One other thing to be cautious of when we look at load management is avoiding spikes in workload. Some great research from Tim Gabbett & co. has pushed this idea of ‘acute:chronic workload ratios’ (ACWR) into the mainstream. However, it has recently come under criticism from Impellizeri et al. (2020).

For me, the key to ACWR is to see it for what it is, not for what it might be proclaimed to be - or indeed, what it has been discredited for not being. It won’t be a one-and-done injury prediction mega-tool, but it can give you a better, more substantiated idea of how fatigued an athlete may be. This article from Brennan Mickleson outlines the concept more broadly and provides some practically applicable examples of good practice when using ACWR. A good read.

THERAPY TRAINING FOR ATHLETES

Therapy Training for Athletes

Then we come to therapy. This part of performance support is so easily messed up due to a lack of confidence on a lot of coaches’ part - and through no fault of their own, I might add. 

My idea of a sort of ‘gold standard’ of physio-, massage-, or any other kind of therapy in sport is where a therapist is embedded within a training group or system. This doesn’t mean a full-time therapist; far from it. What it means is that for the therapy to be most effective, the coach should understand:

  • What therapy the athlete actually needs
  • The outcomes of the therapy session and how that affects training
  • How exercise (p)rehabilitation or mindfulness strategies can be integrated into training
  • How coach and therapist can work collaboratively to avoid confusion & frustration whilst maximising treatment efficacy

Clearly, this doesn’t apply to really serious injuries like a leg break or concussion, or for illness like clinical depression, but for maintenance treatment - or even non-catastrophic yet non-trivial injuries - I really believe that a collaborative effort will be most effective for the athlete.

This is best achieved by coaches going away and actually learning the basics of sports science, strength & conditioning, injury rehabilitation and manual therapy. Of course, this is a big ask for volunteer coaches, but the benefits are endless.

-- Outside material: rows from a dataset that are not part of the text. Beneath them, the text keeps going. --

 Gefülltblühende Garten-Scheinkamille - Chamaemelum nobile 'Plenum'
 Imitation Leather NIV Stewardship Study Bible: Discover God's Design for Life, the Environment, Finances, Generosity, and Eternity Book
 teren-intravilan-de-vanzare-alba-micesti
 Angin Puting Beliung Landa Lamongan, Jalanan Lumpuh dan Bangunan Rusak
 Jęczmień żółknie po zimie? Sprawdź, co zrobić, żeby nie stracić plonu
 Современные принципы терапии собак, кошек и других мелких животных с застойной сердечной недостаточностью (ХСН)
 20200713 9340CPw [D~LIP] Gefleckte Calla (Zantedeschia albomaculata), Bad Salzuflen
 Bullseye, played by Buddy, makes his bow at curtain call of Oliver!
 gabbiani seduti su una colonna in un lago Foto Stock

Strength and Conditioning Coach Training

Coaches can also encourage this by asking to be sent a treatment report from the therapist, rather than athletes relaying information. You can do this by speaking directly with therapists and athletes (both together and separately), or even having a therapist come to training once every so often to check-in and make sure things are running smoothly. 

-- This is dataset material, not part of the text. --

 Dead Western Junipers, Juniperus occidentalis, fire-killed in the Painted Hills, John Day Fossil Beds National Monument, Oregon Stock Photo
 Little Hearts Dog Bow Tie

Having someone actually questioning the rationale behind the training as well can be a powerful tool for coach development, on top of ensuring the best service is provided to athletes.

ALTIS’ “Performance Therapy: A Brief Introduction” is a great place to start for more on this.

And as for massage guns, I’m all for athletes using them if they feel a benefit - but it’s no replacement for an extra hour of sleep or a session with a skilled physiotherapist.